■ What you have to do ■
Skip the pictures and copy all the data that follows exactly.

■ Given material ■
++++++++++++++++++++
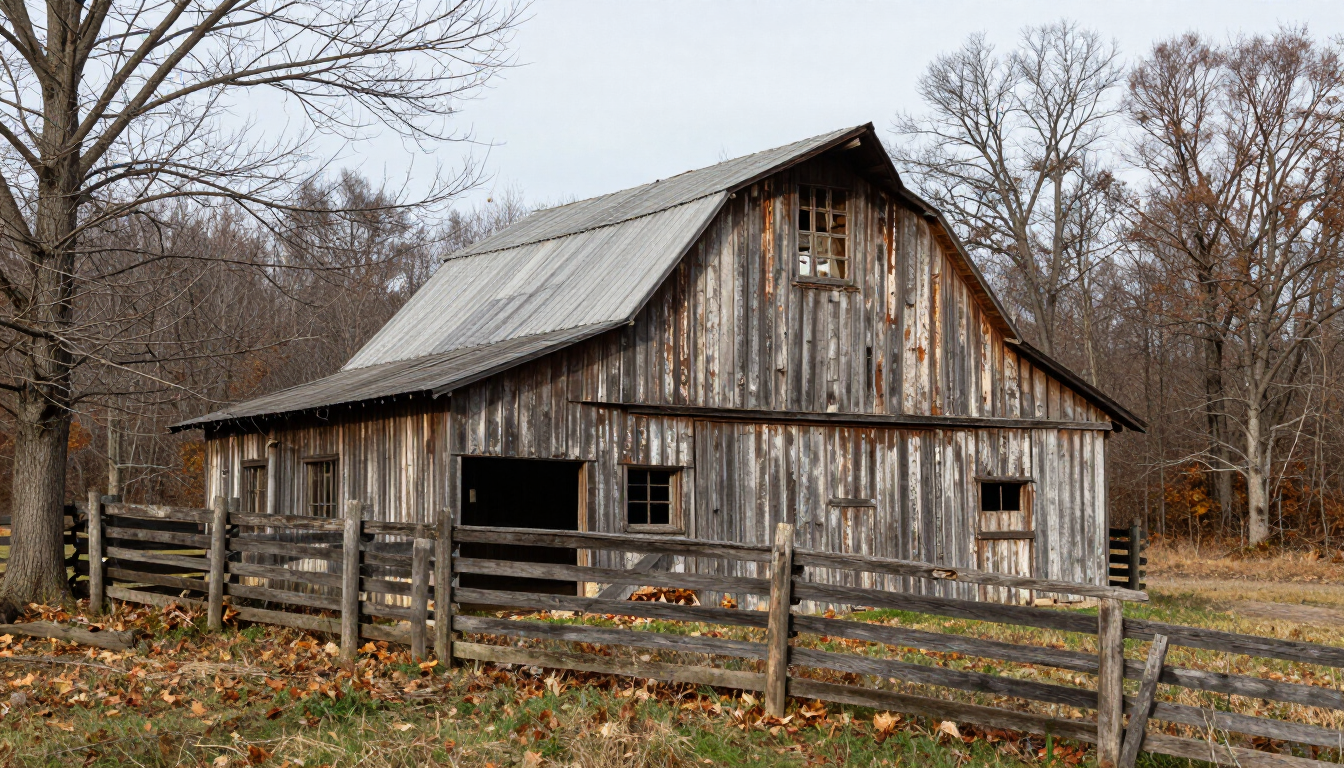 Weathered barn on a rural property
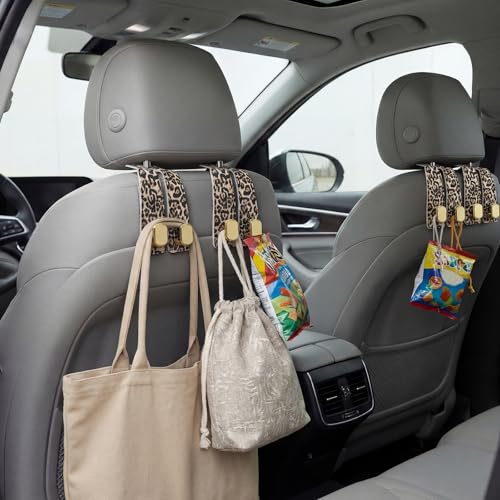 Silkfly 4 Pcs Leopard Print Car Seat Back Hooks, Brown Cheetah Car Headrest Hooks Metal & Leather Multi-Function Storage Double Hanger for Purse Handbags Phone Organizer Accessories Gift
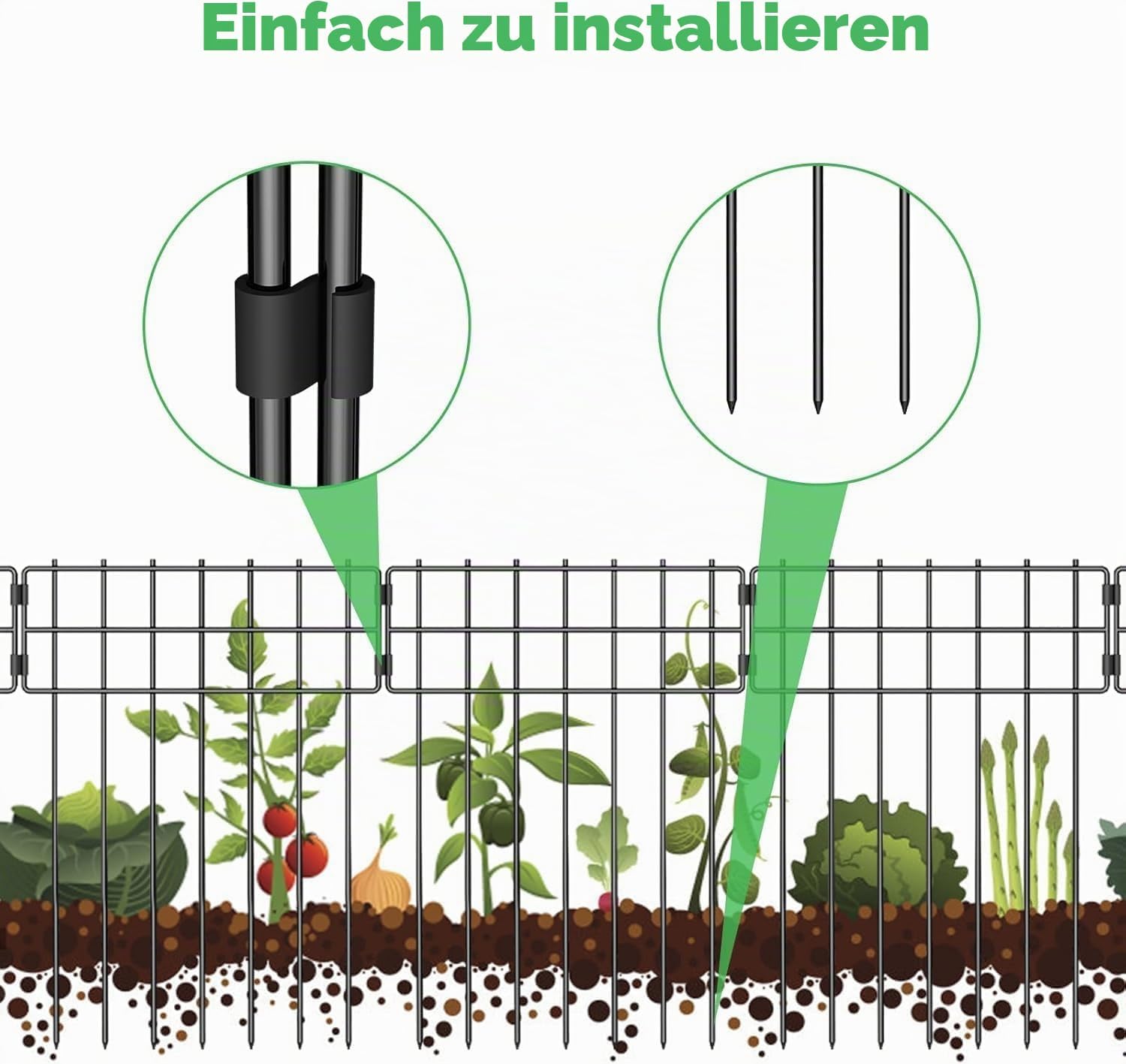 25 Stück Tier-Absperrzaun, 43,2 cm (H) x 7,6 m (L), kein Graben, dekorativer Gartenzaun, rostfreier Metalldraht, Gartenzaun-Bordüre für Hunde, & Kaninchen, Garten, Terrasse, Hof | Rostfestig,Metall Zaun,Beetzaun für Freien Patio Grenze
++++++++++++++++++++
■ Solved problem ■
 Weathered barn on a rural property
 Silkfly 4 Pcs Leopard Print Car Seat Back Hooks, Brown Cheetah Car Headrest Hooks Metal & Leather Multi-Function Storage Double Hanger for Purse Handbags Phone Organizer Accessories Gift
 25 Stück Tier-Absperrzaun, 43,2 cm (H) x 7,6 m (L), kein Graben, dekorativer Gartenzaun, rostfreier Metalldraht, Gartenzaun-Bordüre für Hunde, & Kaninchen, Garten, Terrasse, Hof | Rostfestig,Metall Zaun,Beetzaun für Freien Patio Grenze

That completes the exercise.